<<<<
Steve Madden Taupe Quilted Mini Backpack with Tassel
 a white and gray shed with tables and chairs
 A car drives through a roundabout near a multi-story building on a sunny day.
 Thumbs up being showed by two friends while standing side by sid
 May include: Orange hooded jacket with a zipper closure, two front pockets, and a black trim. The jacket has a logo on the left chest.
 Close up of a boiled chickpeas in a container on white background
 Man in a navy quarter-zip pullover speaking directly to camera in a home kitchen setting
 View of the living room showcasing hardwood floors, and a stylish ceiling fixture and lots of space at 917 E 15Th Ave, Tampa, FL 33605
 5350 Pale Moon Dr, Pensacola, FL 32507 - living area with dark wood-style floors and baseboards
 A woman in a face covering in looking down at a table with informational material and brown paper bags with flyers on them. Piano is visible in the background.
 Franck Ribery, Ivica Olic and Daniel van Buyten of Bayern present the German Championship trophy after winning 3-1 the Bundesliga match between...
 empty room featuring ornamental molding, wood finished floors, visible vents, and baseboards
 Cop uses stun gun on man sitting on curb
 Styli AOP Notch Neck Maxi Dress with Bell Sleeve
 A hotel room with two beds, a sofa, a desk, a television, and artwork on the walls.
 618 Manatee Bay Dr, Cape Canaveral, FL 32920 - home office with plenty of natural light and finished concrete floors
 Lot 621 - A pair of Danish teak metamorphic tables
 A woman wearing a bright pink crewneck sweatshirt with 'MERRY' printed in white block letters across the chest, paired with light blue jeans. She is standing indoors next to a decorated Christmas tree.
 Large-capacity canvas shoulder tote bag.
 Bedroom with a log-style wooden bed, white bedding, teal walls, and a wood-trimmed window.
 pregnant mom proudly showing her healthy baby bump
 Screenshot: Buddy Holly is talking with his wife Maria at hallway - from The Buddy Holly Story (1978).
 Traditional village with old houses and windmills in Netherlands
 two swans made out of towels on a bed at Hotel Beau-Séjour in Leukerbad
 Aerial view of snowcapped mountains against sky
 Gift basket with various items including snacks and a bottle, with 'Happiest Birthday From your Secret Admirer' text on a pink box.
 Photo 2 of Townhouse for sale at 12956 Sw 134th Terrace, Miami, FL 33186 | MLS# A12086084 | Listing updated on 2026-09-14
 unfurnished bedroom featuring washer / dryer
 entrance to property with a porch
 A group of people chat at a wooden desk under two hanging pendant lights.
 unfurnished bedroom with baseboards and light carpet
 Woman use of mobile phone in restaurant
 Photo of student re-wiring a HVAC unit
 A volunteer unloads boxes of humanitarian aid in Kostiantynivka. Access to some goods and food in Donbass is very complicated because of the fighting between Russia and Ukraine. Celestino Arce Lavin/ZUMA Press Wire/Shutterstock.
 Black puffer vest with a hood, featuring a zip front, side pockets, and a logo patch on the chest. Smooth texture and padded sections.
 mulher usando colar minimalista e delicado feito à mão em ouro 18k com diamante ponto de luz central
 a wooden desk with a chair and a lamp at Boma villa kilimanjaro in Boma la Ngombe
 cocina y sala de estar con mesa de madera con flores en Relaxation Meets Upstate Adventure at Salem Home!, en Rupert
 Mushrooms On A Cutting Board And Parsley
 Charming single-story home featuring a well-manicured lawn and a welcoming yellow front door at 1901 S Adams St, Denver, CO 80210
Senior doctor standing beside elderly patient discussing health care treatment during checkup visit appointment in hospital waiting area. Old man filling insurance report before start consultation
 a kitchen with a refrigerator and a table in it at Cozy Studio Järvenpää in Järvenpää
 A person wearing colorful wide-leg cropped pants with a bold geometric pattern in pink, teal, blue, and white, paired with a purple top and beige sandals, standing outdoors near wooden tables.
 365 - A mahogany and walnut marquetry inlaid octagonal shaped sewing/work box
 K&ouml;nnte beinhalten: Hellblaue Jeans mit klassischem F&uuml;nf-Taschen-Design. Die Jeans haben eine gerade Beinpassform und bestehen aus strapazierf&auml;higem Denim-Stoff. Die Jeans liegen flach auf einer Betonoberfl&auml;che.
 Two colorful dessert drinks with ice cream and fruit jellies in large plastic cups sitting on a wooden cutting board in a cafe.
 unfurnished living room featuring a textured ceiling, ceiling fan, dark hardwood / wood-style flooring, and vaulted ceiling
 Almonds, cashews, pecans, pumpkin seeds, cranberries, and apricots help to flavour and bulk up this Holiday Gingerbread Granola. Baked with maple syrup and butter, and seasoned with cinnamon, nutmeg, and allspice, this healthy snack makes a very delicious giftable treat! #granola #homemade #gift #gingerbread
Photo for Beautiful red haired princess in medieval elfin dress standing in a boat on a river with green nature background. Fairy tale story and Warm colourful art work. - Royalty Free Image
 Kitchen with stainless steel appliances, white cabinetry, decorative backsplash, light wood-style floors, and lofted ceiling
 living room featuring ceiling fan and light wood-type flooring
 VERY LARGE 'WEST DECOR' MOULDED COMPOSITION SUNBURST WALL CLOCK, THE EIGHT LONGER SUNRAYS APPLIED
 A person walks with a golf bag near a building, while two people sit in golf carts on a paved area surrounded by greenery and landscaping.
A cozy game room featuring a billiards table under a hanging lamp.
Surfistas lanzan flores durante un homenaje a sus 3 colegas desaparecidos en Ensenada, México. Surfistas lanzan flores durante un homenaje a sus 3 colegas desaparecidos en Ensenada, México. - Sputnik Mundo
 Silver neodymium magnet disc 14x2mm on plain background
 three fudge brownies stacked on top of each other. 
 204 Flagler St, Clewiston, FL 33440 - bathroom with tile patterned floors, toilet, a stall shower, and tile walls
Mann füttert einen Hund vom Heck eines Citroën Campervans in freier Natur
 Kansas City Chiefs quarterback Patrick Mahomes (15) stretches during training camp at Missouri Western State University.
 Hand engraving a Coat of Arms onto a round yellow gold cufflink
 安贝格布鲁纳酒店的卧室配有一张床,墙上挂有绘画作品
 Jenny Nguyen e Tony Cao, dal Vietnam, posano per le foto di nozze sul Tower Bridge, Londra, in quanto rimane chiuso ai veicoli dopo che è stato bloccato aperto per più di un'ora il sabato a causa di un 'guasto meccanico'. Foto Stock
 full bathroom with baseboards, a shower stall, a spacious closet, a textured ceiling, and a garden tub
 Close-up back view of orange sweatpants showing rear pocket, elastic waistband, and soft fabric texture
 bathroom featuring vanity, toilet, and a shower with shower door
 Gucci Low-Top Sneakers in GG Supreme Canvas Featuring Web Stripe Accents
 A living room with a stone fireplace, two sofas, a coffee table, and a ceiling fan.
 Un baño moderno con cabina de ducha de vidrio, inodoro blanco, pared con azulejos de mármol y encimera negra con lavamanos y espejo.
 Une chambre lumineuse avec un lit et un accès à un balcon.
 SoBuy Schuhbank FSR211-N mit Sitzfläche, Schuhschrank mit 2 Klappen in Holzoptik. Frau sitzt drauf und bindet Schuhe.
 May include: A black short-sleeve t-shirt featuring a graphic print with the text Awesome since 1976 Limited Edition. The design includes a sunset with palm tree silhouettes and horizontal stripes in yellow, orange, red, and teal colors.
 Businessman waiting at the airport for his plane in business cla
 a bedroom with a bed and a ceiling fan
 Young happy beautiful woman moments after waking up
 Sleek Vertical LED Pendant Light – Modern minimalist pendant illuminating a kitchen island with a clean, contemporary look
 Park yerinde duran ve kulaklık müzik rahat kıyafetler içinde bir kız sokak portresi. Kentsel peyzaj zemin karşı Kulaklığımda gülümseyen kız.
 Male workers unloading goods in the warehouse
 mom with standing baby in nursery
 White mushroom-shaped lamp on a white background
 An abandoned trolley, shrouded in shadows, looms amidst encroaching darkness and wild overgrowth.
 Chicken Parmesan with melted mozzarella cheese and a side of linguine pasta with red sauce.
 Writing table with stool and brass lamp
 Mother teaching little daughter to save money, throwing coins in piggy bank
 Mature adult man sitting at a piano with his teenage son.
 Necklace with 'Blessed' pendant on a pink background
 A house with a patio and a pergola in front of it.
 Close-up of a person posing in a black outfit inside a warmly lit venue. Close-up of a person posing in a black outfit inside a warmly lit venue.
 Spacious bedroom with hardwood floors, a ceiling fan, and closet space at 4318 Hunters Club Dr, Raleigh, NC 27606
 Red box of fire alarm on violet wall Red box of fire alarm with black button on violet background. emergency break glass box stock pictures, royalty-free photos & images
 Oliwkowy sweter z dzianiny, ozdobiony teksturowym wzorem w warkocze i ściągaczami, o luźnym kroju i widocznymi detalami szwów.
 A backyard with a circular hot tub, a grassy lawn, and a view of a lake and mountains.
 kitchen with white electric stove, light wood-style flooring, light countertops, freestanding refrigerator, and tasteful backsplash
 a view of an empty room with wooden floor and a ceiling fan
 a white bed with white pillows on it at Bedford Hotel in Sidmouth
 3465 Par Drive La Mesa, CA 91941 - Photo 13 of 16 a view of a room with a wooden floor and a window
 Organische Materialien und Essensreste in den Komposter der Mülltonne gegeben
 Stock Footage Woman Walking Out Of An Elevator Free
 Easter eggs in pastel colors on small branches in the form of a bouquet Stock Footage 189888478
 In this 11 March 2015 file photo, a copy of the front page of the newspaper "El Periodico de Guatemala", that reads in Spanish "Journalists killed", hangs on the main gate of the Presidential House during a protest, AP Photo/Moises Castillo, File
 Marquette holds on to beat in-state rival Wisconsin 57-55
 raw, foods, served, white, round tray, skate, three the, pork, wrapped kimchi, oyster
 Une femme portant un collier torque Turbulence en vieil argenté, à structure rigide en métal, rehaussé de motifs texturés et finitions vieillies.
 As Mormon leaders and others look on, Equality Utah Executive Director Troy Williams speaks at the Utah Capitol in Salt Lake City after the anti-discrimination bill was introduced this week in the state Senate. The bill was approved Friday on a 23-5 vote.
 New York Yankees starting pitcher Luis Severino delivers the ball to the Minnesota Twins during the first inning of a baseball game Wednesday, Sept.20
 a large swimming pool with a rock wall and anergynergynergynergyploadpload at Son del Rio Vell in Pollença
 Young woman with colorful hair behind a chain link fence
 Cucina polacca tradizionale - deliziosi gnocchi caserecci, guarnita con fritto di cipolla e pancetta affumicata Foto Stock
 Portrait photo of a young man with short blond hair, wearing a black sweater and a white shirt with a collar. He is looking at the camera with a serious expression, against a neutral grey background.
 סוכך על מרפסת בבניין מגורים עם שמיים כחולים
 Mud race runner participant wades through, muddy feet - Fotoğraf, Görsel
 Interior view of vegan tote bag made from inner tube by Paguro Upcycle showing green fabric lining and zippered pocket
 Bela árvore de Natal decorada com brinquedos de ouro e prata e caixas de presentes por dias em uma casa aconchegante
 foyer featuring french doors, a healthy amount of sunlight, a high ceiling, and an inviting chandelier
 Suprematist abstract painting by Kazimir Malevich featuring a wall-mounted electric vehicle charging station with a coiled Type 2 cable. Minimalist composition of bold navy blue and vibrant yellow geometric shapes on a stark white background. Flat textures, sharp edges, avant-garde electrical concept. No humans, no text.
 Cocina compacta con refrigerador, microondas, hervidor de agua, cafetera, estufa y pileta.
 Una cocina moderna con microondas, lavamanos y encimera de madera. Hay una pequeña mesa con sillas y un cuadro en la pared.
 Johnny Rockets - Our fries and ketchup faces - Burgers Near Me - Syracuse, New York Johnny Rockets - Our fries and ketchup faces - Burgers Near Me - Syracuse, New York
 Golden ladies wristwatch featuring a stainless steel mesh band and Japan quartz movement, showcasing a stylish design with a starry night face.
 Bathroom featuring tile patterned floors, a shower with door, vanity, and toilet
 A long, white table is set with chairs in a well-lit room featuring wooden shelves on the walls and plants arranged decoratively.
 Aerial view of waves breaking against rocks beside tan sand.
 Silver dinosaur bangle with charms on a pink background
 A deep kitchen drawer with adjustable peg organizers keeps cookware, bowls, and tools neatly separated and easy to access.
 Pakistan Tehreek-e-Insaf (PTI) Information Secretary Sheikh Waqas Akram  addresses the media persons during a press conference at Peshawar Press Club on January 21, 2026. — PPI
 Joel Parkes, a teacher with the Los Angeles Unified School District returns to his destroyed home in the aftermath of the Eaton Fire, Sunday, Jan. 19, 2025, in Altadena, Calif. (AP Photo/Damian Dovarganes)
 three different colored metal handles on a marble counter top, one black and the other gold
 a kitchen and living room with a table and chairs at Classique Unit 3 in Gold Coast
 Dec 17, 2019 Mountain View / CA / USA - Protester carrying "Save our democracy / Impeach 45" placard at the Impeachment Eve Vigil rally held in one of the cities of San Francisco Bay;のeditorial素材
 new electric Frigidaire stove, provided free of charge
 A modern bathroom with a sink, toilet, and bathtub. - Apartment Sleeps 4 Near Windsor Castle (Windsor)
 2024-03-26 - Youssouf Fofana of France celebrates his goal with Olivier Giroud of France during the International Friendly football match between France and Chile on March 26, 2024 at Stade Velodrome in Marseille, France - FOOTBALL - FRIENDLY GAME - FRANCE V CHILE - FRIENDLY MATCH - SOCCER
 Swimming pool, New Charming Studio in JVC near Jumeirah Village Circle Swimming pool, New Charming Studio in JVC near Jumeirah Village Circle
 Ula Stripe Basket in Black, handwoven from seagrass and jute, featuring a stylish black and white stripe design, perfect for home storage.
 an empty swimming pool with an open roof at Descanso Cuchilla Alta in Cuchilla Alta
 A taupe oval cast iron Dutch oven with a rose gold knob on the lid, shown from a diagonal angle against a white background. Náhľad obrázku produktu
>>>>
The entries above hold the needed span. Transcribe exactly the lines from the one with "May include: Orange" to the one with "5350 Pale Moon", both included.

 May include: Orange hooded jacket with a zipper closure, two front pockets, and a black trim. The jacket has a logo on the left chest.
 Close up of a boiled chickpeas in a container on white background
 Man in a navy quarter-zip pullover speaking directly to camera in a home kitchen setting
 View of the living room showcasing hardwood floors, and a stylish ceiling fixture and lots of space at 917 E 15Th Ave, Tampa, FL 33605
 5350 Pale Moon Dr, Pensacola, FL 32507 - living area with dark wood-style floors and baseboards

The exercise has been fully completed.